Thursday, 8 October 2009
Unashamedly, and completely. I heart them, crazy upper-case/lower-case wackiness and all - so much so that I'll even go to the trouble of typing their name how they'd want it to be typed.
Thursday, 1 October 2009
It's been a while, but it's time for another one of those fairly-noticed and much-liked-a-bit posts on tips for Junior Suits. Except that this one isn't really for Junior Suits - it's for all of us.
This morning, I was out of the office having a working breakfast (which I know sounds incredibly pretentious, but it's better than 'breakfast meeting', and is slightly different from 'breakfast with colleagues') when I got a call from my CEO. He had a call at 9am, and needed somebody to print out some media schedules for him. Obviously, the traditional process in such a circumstance would have been for me to delegate to some monkey or other, and then order another Bloody Mary - and in circumstances like this, I'm a big fan of tradition.
However, for reasons I won't go into here, there was nobody else in the office on this occasion. And so I hopped up, nipped back to the Agency (fortunately I was only breakfasting over the road), ran out a copy of the media schedules and the accompanying note from Client, popped them on my CEO's desk, and returned to my Eggs Benedict.
And the point is this. Every September a bunch of Junior Suits start, full of excitement and optimism about what their career will hold. Sure, they won't enjoy the 10 week summer holidays anymore, and getting out of bed on a Monday morning is less optional than it has been for the past three or four years, but the glamour and thrill of Life As An Adman will more than make up for it. By now, though, they will already be starting to realise that Life As A Junior Adman involves an awful lot of photo-copying, binding, presentation-tweaking, scanning and general dogsbody-ing. (Although the anecdotes they tell their banking friends will mostly focus on the Soho House lunch they enjoyed with the CEO in their third week.)

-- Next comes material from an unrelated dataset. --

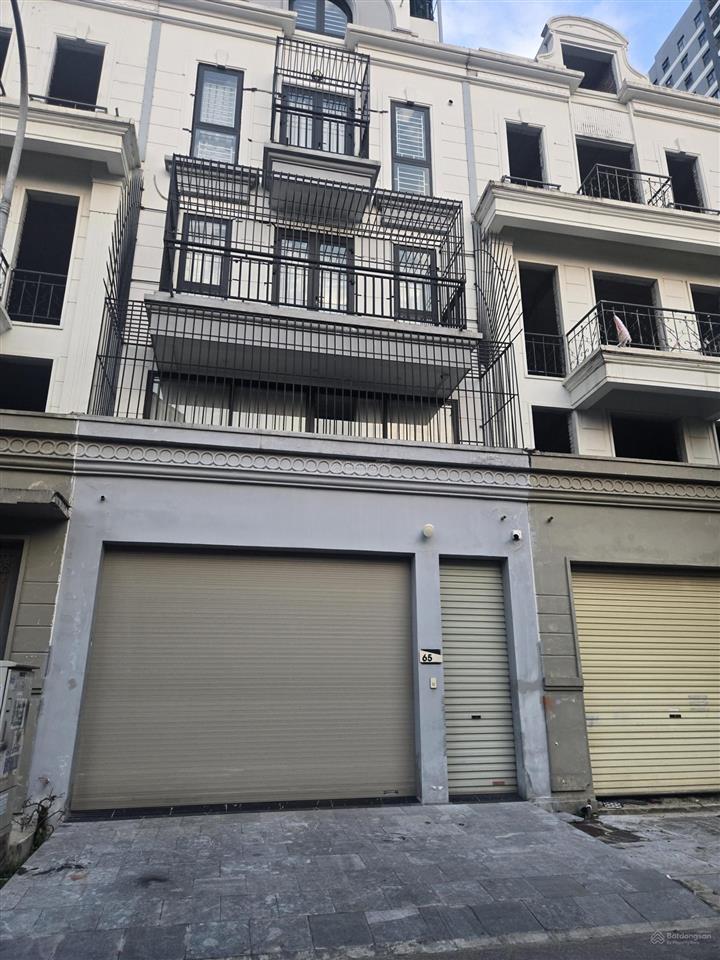 Bán nhanh liền kề cực đẹp ngay chung cư bluestar, cách hồ 1 dãy, sổ chính chủ 90m2, nhận nhà ngay.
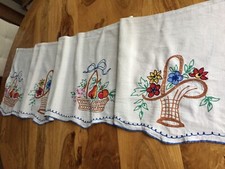 ancienne bande �tag�re coton/paniers fleurs / fruits :135 X 33 cm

But they'll console themselves with the fact that it won't last forever, and that one day they can forget how the photo-copier works, delegate the binding in aeternum and pretend they never knew how to open a job-number. That's what AEs and PAs are for, right?
Yeah. Sorry. No.
One of the facts of Life As A Suit that you just have to accept is that no matter how senior you are, and no matter how long you have been in the business, you will always be an Account Exec to somebody. And whilst you may well have your own Account Execs to delegate to, they won't always be around. And if they're not and you don't know how to un-jam the photo-copier, then even if you're a Head of Client Service it will still, now, then and always, be your fault. Because everything is.